Contrary to the traditional concept of artificial intelligence, explainable artificial intelligence (XAI) aims to provide explanations for the prediction results and make users perceive the system as being reliable. However, despite its importance, only a few studies have investigated how the explanations of an XAI system should be designed. This study investigates how people attribute the perceived ability of XAI systems based on perceived attributional qualities and how the power status of the XAI and anthropomorphism affect the attribution process. In a laboratory experiment, participants (N = 500) read a scenarios of using an XAI system with either lower or higher power status and reported their perceptions of the system.
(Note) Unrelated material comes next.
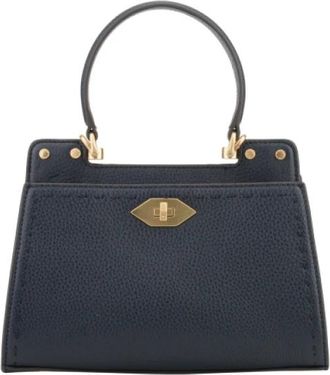 Pourchet Trianon PM - Dames - Handtassen - Blauw - ONE Size - Leer - Tassen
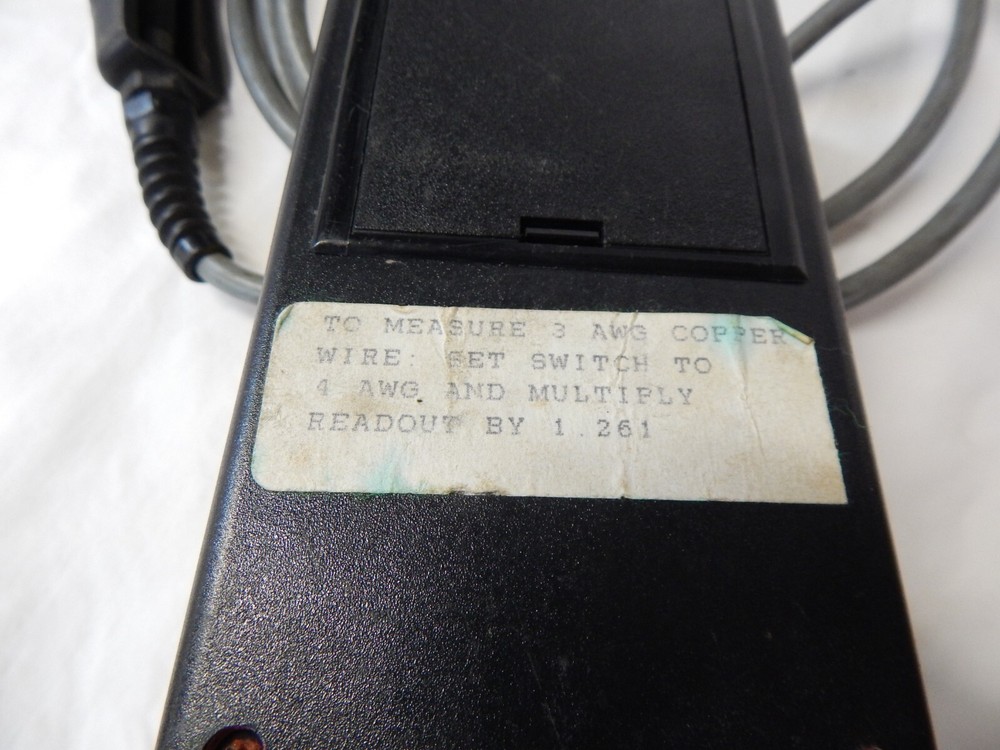 BEHA Cable Meter 2002, Used (Parts)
Results indicated that an XAI system with a higher power status caused users to perceive the outputs of the XAI system to be more controllable by intention, and higher perceived stability and uncontrollability resulted in greater confidence in the system’s ability. The effect of perceived controllability on perceived ability was moderated by the extent to which participants anthropomorphised the system. Several design implications for XAI systems are suggested based on our findings.

Suggested Citation

  • Taehyun Ha & Young June Sah & Yuri Park & Sangwon Lee, 2022. "Examining the effects of power status of an explainable artificial intelligence system on users’ perceptions," Behaviour and Information Technology, Taylor & Francis Journals, vol. 41(5), pages 946-958, April.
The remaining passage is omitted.